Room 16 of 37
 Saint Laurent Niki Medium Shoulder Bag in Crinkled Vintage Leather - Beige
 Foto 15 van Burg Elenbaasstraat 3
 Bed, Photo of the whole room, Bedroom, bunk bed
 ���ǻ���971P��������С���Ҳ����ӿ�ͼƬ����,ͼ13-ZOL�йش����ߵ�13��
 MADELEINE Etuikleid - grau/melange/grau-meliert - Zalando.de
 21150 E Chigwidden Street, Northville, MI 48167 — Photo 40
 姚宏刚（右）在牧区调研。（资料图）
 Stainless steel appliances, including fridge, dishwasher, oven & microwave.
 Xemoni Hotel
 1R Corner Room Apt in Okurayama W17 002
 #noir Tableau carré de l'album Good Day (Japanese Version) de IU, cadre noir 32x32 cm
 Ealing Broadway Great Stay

Assignment:
Please copy only the lines from the one with "21150 E Chigwidden" through the final line of the records above, both ends included.

Solution to this problem:
 21150 E Chigwidden Street, Northville, MI 48167 — Photo 40
 姚宏刚（右）在牧区调研。（资料图）
 Stainless steel appliances, including fridge, dishwasher, oven & microwave.
 Xemoni Hotel
 1R Corner Room Apt in Okurayama W17 002
 #noir Tableau carré de l'album Good Day (Japanese Version) de IU, cadre noir 32x32 cm
 Ealing Broadway Great Stay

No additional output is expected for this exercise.